The United States imposed stiff fines against major Swiss banks after obtaining a list of tax evaders who kept their illicit funds there and both Germany and France obtained similar lists (some against payment) of wealthy tax dodgers who were actively helped by Swiss banks to conceal their riches.

The financial crisis of 2008 also ignited public resentment against the Swiss who were which was seen as a grasping, greedy nation.
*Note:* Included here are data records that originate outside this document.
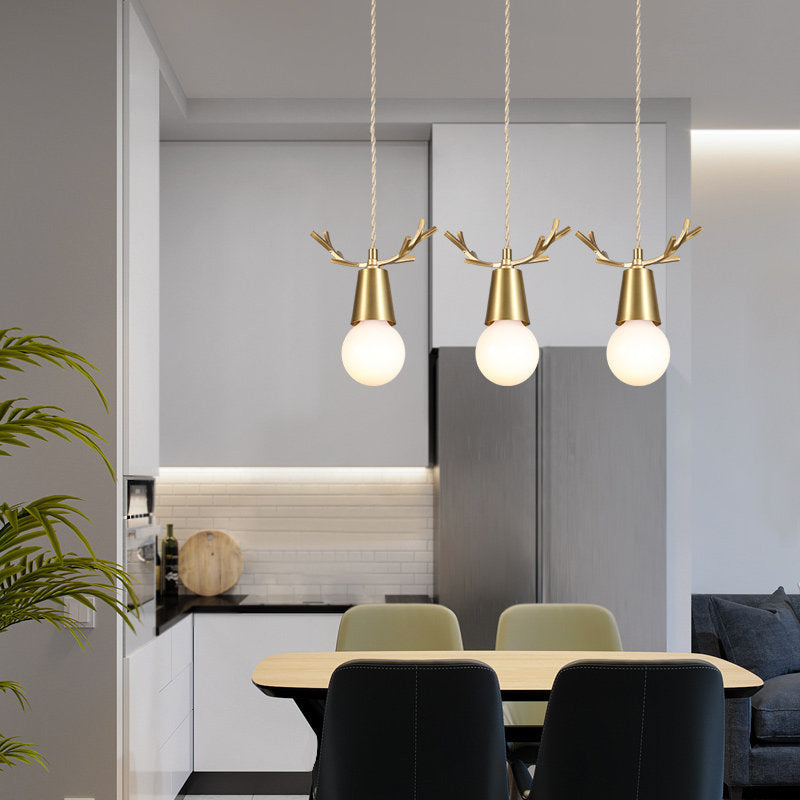Geweih Metallheizes Licht Nordic Style Messing Down Lighting Anhänger für Esszimmer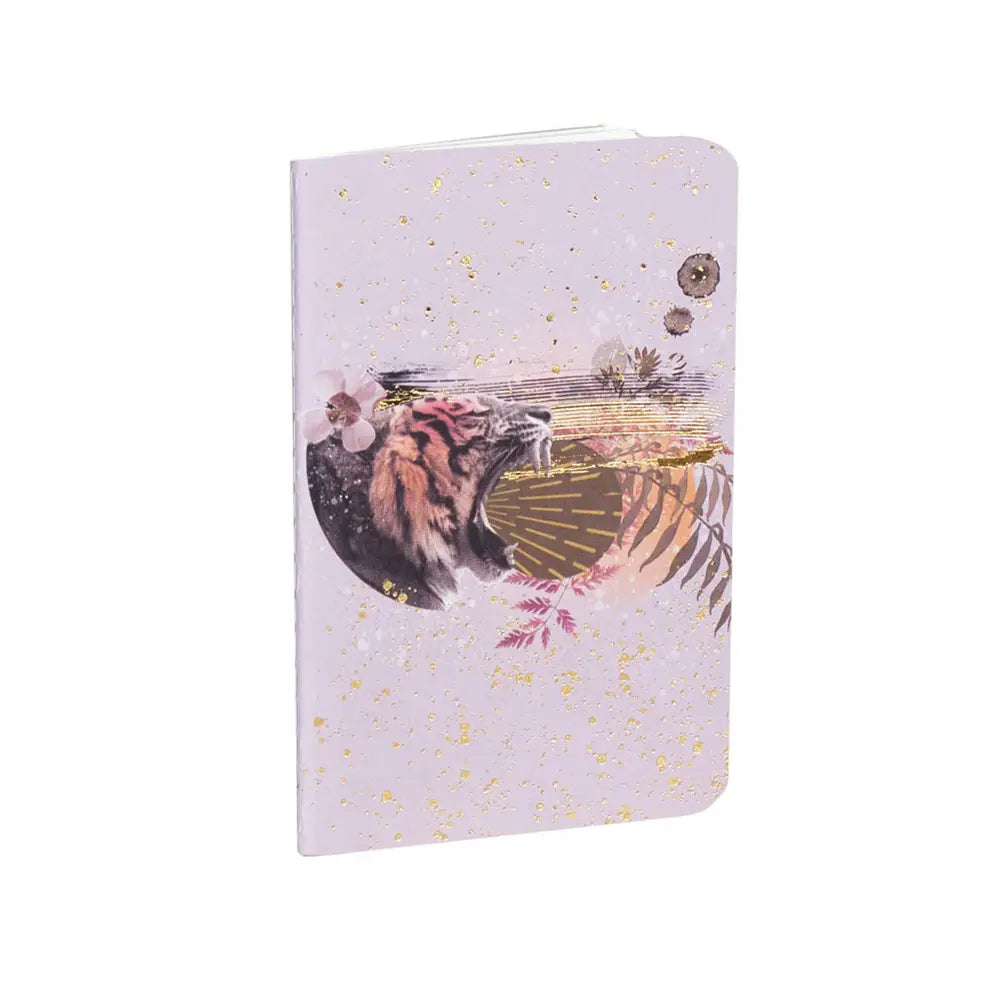 Tiger Roar Mini Book featuring a boho design with gold foil embellishments, saddle-stitched binding, and lined pages.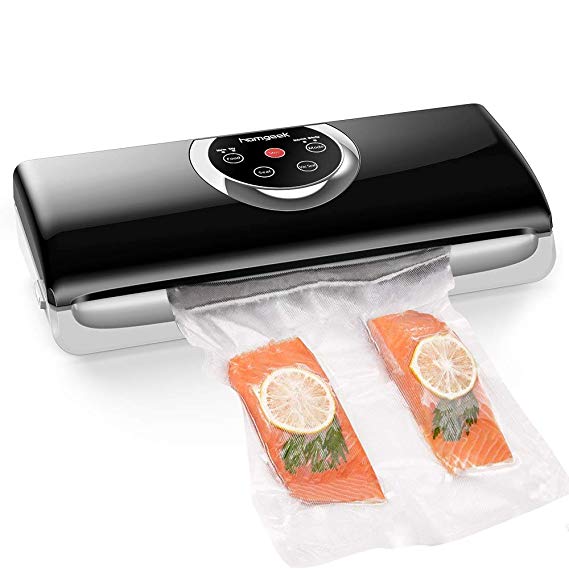 Homgeek Vacuum Sealer,Automatic Vacuum Air Sealing System for Food Preservation and Sous Vide,with Starter Kit,Dry & Moist Food Modes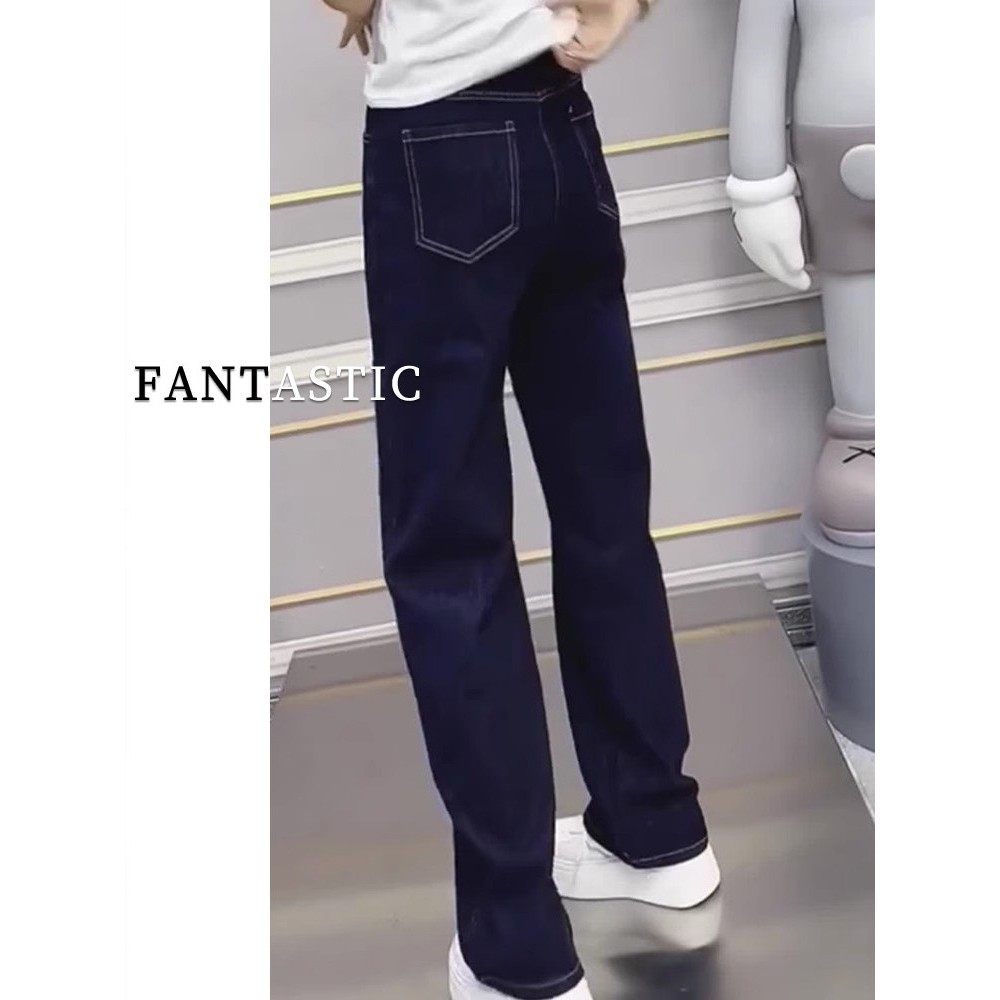 深蓝色大码高腰窄版直筒牛仔裤女2025秋季新款胖mm显瘦弹力阔腿裤,女装/女士精品,大码裤装,淘宝优惠券,粉丝福利购,淘宝优惠卷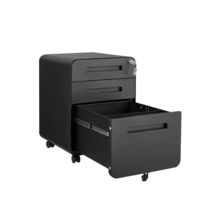 Mobile Filing Cabinet With 3 Drawers For Under The Desk, Simple And Versatile Storage For Documents In Legal/Letter/A4 Format, Tip-Proof Design With 5 Casters, Cold-Rolled Steel, Water And Moisture Resistant - Black - View 8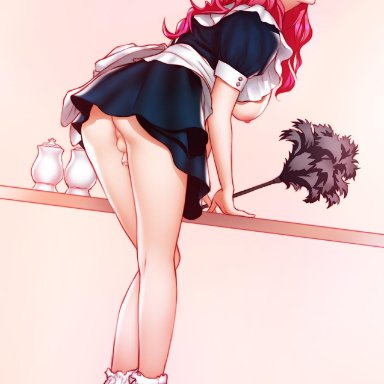 breasts, dickgirl, edit, female, futa only, futanari, high heels, long hair, maid, mary janes, miniskirt, penis, pinkladymage, skirt, tiny penis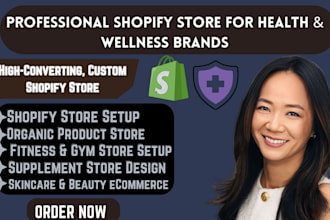 do design a health wellness shopify store setup supplements fitness skincare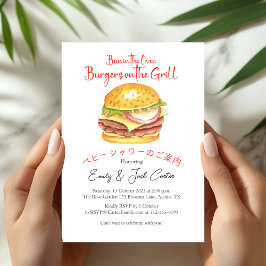 BBQ Baby Shower Grill Burger Rustic Red Gingham Inbjudningar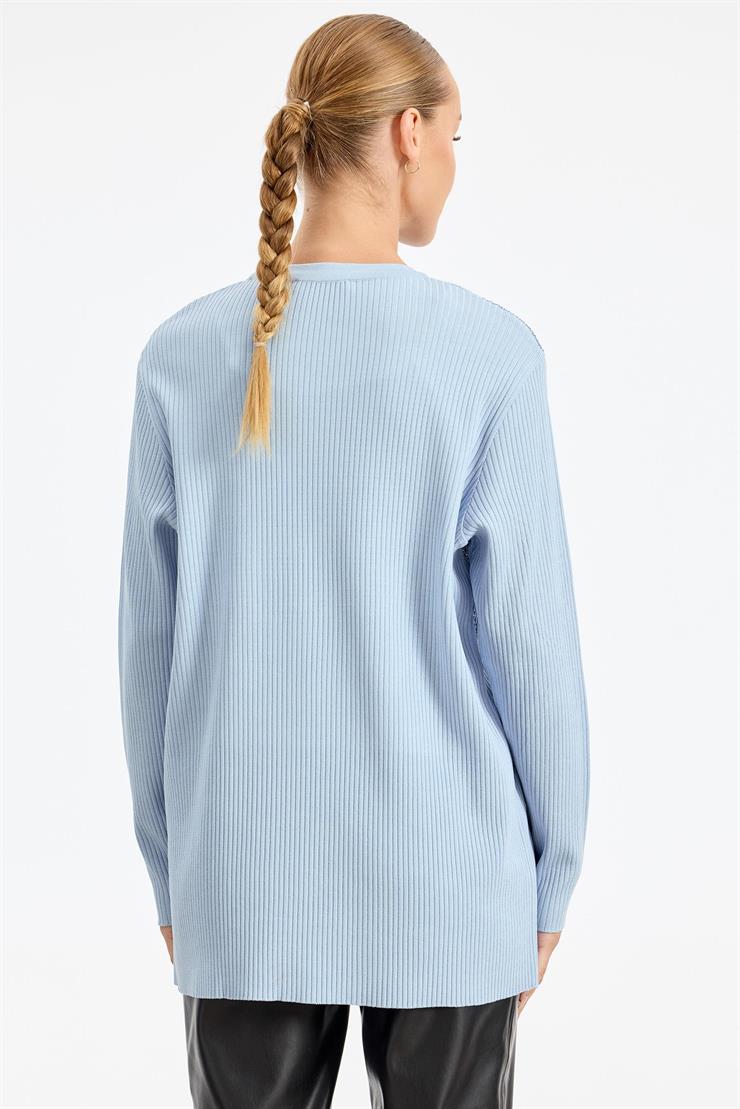 Önü Taş Baskı Rayon Tunik MAVİ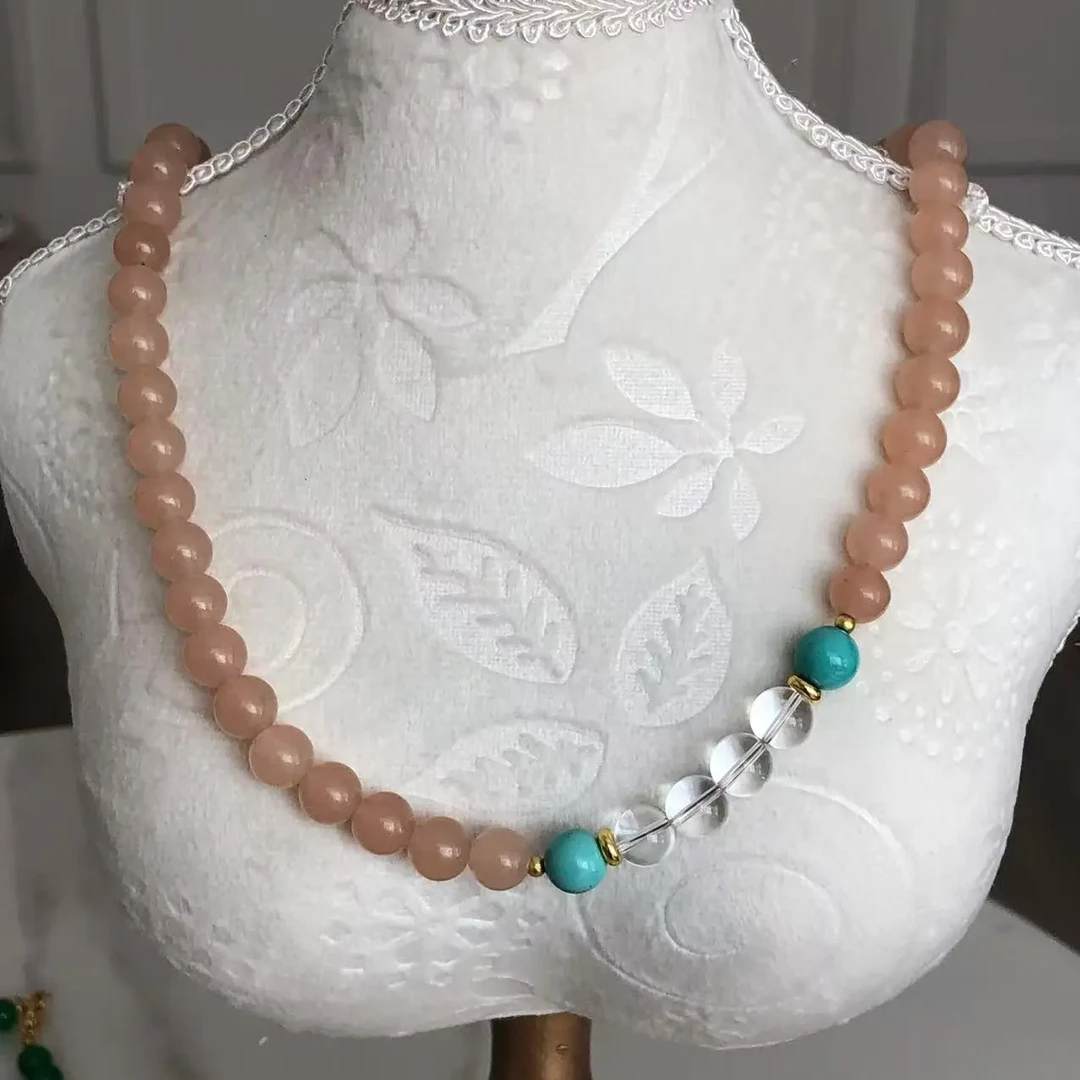 藕粉色法式复古风毛衣链优雅气质百搭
According to the AFP agency, “The OECD wants to make this the normal practice internationally, but it continues to be an extremely sensitive issue for the Swiss, as well as for some other countries. Under the convention as it stands, however, the automatic exchange of information is optional. ”The Multilateral Convention provides for all forms of mutual assistance: exchange on request, spontaneous, tax examinations abroad, simultaneous tax examinations and assistance in tax collection, while protecting taxpayers’ rights.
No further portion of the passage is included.